Evolution and arrangement of the maternal-fetal interface and degree of placental invasion in viviparous Amniotes.
(A) Phylogenetic relationships among amniote lineages, mammalian lineages labeled. Major evolutionary steps in the evolution of pregnancy are shown for Mammalia, Theria, and Eutheria. (B) Placenta classification based on the arraignment of the maternal-fetal interface and degree of invasiveness.
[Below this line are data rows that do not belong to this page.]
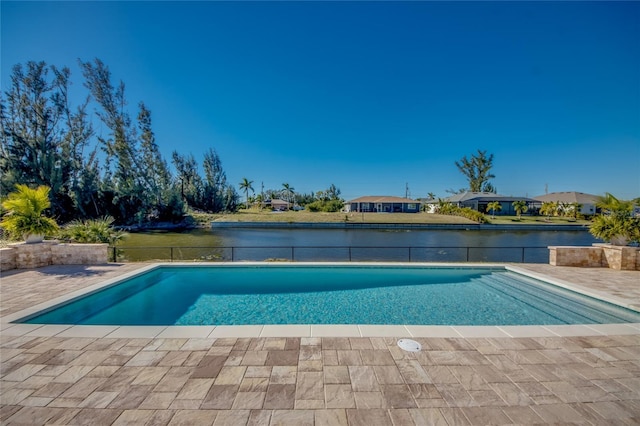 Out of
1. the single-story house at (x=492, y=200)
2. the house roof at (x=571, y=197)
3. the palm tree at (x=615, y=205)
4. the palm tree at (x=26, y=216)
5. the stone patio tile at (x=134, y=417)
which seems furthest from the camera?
the house roof at (x=571, y=197)

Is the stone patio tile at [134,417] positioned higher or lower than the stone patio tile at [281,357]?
higher

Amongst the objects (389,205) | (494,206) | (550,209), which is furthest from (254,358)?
(550,209)

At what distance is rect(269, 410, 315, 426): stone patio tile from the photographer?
6.17 ft

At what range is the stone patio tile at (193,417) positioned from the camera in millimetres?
1868

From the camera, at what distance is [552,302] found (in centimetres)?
519

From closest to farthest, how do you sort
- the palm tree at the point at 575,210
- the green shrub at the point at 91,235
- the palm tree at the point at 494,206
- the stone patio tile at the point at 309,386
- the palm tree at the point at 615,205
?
the stone patio tile at the point at 309,386 → the palm tree at the point at 615,205 → the green shrub at the point at 91,235 → the palm tree at the point at 575,210 → the palm tree at the point at 494,206

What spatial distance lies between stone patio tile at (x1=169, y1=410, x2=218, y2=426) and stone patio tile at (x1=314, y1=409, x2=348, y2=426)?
75cm

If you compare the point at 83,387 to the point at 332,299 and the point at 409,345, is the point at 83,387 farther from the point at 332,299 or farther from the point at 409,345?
the point at 332,299

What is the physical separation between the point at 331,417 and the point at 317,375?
1.73 feet

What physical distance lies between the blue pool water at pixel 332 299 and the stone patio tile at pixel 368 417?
103 inches

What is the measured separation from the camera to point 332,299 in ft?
18.8

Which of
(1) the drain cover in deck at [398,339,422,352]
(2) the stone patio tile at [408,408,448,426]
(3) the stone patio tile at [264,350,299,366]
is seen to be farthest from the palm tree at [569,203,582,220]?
(3) the stone patio tile at [264,350,299,366]

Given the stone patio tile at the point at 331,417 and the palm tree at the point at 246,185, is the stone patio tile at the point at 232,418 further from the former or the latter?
the palm tree at the point at 246,185

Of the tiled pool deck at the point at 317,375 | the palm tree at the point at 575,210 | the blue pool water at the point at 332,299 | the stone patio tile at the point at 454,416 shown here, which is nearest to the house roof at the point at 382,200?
the palm tree at the point at 575,210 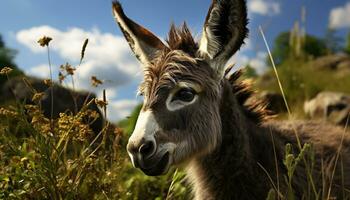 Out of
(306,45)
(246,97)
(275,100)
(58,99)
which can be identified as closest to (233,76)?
(246,97)

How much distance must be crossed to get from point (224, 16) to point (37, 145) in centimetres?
170

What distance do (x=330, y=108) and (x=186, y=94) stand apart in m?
7.48

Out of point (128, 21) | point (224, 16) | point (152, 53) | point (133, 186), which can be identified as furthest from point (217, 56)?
point (133, 186)

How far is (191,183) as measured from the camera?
4.26m

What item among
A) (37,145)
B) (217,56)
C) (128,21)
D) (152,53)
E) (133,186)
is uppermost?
(128,21)

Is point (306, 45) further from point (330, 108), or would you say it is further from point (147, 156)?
point (147, 156)

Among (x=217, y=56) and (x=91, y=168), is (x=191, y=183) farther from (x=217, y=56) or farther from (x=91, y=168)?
(x=217, y=56)

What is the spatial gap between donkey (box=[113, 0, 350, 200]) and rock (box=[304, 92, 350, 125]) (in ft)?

Epitheliochorial placenta, in which placental invasion does not occur and the barrier between maternal blood and the chorion (tan cells) consists of maternal vascular endothelium (red cells) and uterine epithelium (blue cells). Endotheliochorial placenta, in which the placenta invades through the uterine epithelium and the barrier between maternal blood and the chorion consists of the maternal vascular endothelium. Hemochorial placenta, in which the placenta invades through both the uterine epithelium and vascular endothelium, and maternal blood directly bathes the chorionic villi. Examples of species with each type of placenta are also shown. While the egg passes through the glandular uterine portion of the oviduct in oviparous species, the immunologically inert shell (black) prevents direct contact between maternal and fetal tissues.

Binary encoding uncovers phylogenetic signal in transcriptome data.
(A) Upper, Principal Component Analysis (PCA) of gene expression levels (TPMs) grouped species randomly, consistent with significant noise. Lower, scree plot showing percent of variance explained by dimensions 1–10. Note that the flat curve of variance explained indicates there are no significant dimensions to the PCA. (B) Upper, logistic PCA of the binary encoded endometrial transcriptome dataset groups species by phylogenetic relatedness, indicating significant noise reduction in the binary encoded dataset. Lower, screen plot showing percent of variance explained by dimensions 1–10. Note that the ‘elbow’ of the graph is around dimension 4, suggesting that dimensions 1–4 of the PCA are significant.
-
Figure 2—source data 1
file 1.
Species names (common and binomial), genome annotations used for RNA-Seq analysis and parity mode.
- https://cdn.elifesciences.org/articles/74297/elife-74297-fig2-data1-v2.xlsx

Maximum-likelihood (ML) phylogeny of binary encoded endometrial transcriptome data.
(A) ML phylogeny of binary encoded endometrial transcriptome data inferred by IQ-TREE under the GTR2 +FO + R3 model. Highly supported branch splits, i.e., those with SH-aLRT ≥80%, LBoot ≥90%, aBayes ≥0.90, UFboot ≥95%, StdBoot support ≥80%, and parametric aLRT ≥0.95, are shown with black circles. Branch splits that are highly-supported by at least 4 of 6 methods are shown with gray circles. Particularly discordant phylogenetic relationships are shown in bold. Oviparous species are in black, viviparous species with epitheliochorial placentas in blue, endotheliochorial placentas in orange, and hemochorial placentas in red. Lizard species are shown with genus names in italics. (B) Phylogenetic relationships of species in (A). Discordant phylogenetic relationships compared to the ML tree are shown in bold. (C) Tree topology tests comparing the maximum likelihood tree (GTR2 +FO + H4) shown in panel A to alternate trees that correct the phylogenetic placement of specific species or the species tree shown in panel B. Delta Log L: log L difference from the maximal Log L in the set (A). bp-RELL: bootstrap proportion using RELL method. p-KH: p-value of one sided Kishino-Hasegawa test. p-SH: p-value of Shimodaira-Hasegawa test. p-WKH: p-value of weighted KH test. p-WSH: p-value of weighted SH test. c-ELW: Expected Likelihood Weight. p-AU: p-value of approximately unbiased (AU) test. +indicates tree is within the 95% confidence sets, – significant exclusion of tree from the 95% confidence sets. All tests performed 100,000 resamplings using the RELL method.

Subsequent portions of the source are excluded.